In doing so, she derailed Shakespeare’s career, but only temporarily. He avenged himself, Chris Laoutaris suggests, by sending up her kinsmen in Henry IV and The Merry Wives of Windsor and immortalising her son, Thomas Posthumous Hoby, as the Puritanical Malvolio in Twelfth Night. Several scenes from her life are encrypted in his plays and Elizabeth’s final appearance in Shakespeare, Laoutaris moots, is as the dowager countess of Rousillon in All’s Well That Ends Well.

Shakespeare and the Countess is a work of historical and literary detection which takes us straight to the heart of religious politics in Elizabethan England. Homing in on the countess’s petition, Laoutaris – a lecturer at Birmingham University’s Shakespeare Institute – vividly reconstructs the neighbourhood of Blackfriars in the City of London, where courtiers, tradesmen and French émigrés lived cheek by jowl, and unravels the relationships between the signatories. These are not as straightforward as you might assume: the author shows how one of the petitioners was Shakespeare’s own patron George Carey; another was the publisher of his Venus and Adonis, Richard Field, a childhood friend. It was quite normal, in the extreme world of Elizabeth Russell, for everyone to be deceiving everyone else almost all of the time.

There is a great deal to admire in this hugely ambitious book but the title is misleading. The Bard has only a walk-on role in the overall drama and, strange to say, the scenes in which he appears could be cut without any great loss. His presence will obviously appeal to the audience and his name does not appear without a drum roll, but Laoutaris is less interested in Shakespeare than in Elizabeth Russell: occasional poet, pushy parent, self-promoting Puritan and the most litigious woman who ever lived. Putting the playwright out of business was as nought in comparison to the punishments meted out from her country estates to neighbours with whom she fell out. Kidnap, forgery and hanging men by their heels were Elizabeth’s usual responses to disputes over land. Ironically, she had a lively theatrical streak and blossomed in battle.

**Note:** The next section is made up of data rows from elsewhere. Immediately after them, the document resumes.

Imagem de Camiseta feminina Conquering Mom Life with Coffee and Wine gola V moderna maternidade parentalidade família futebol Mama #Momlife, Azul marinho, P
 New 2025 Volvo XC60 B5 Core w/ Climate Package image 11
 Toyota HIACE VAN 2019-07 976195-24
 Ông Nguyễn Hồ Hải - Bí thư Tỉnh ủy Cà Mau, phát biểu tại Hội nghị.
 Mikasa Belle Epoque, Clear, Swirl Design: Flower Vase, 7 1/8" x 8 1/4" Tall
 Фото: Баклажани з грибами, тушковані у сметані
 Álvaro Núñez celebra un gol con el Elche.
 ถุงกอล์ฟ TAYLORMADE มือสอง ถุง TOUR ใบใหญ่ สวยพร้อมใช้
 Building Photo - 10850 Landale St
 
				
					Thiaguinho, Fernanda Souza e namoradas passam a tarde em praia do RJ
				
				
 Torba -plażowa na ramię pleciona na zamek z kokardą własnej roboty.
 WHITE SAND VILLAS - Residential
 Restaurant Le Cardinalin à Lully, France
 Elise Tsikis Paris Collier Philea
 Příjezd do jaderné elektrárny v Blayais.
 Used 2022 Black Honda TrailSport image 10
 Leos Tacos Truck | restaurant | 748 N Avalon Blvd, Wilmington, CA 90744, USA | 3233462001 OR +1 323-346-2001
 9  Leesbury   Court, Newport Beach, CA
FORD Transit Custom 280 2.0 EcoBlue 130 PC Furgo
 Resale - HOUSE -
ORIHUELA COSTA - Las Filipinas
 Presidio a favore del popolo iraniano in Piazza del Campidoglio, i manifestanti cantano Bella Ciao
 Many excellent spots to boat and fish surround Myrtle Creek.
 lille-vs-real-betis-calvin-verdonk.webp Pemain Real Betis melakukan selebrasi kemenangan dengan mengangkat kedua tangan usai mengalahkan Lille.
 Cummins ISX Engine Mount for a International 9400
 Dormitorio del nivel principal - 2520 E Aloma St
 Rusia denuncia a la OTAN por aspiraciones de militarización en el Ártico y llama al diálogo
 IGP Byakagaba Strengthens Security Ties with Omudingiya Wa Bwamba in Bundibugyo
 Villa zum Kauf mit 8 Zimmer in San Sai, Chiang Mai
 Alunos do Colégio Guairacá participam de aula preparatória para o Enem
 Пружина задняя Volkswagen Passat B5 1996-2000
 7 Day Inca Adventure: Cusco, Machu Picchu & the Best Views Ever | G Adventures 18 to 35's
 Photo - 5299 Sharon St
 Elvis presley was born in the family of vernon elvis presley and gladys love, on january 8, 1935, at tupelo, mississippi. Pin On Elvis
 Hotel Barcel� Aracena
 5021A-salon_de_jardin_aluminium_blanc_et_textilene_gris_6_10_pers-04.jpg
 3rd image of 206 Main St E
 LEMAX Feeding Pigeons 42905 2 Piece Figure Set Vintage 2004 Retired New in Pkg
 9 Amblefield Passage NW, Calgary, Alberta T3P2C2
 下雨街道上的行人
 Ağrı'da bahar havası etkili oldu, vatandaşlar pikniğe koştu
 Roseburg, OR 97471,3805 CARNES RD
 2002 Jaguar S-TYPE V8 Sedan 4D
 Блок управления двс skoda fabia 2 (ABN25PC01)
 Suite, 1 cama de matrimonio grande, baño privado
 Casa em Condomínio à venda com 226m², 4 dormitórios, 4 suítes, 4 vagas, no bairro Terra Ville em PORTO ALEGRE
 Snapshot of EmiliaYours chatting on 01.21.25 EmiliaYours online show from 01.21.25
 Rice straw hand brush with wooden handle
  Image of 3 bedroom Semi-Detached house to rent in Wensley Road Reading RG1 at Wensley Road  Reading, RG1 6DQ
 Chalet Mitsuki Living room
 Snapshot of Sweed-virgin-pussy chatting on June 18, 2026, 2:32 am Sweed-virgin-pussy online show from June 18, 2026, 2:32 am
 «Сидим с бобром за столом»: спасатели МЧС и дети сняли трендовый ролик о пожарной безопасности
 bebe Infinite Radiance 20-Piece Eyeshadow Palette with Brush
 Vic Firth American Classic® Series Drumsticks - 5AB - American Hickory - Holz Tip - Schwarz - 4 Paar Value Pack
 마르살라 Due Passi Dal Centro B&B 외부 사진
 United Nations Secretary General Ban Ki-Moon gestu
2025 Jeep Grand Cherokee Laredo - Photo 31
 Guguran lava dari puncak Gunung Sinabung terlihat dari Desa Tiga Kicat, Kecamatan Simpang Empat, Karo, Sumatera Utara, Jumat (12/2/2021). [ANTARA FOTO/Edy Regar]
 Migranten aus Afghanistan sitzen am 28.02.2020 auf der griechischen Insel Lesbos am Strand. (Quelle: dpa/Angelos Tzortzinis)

She was an extremist in all things and her life was organised around promoting her children, acquiring and protecting her property (she was the first woman to be the keeper of her own castle) and destroying the Catholic cause. Her afterlife has been just as hectic, with Bisham Abbey, one of her houses, reputed to be home to her furious ghost. Mysterious green lights flicker in the tower room and a hooded woman has been seen rowing a boat on the river in a swath of blue mist.

In the only living likeness of her that still exists, Elizabeth stares out like a cobra from beneath a white headdress of astonishing dimensions, and Laoutaris paints an equally striking biographical portrait. She was given the education of a king because her father, Sir Anthony Cooke, was tutor to Edward VI and Elizabeth shared the boy’s lessons. As such, she was raised to believe in her social superiority, her civic duty, and the importance of crushing those who were not on her team. The Cooke family operated at the centre of
the court: one of her sisters married William Cecil, Lord Burghley, the most powerful man in England, and another married Sir Nicholas Bacon and became the mother of Francis Bacon. Elizabeth married twice; first to Thomas Hoby, the English ambassador to France, and then to John Russell, heir of the Earl of Bedford. Russell died before he inherited the title, but this detail did not deter his widow from calling herself the dowager countess.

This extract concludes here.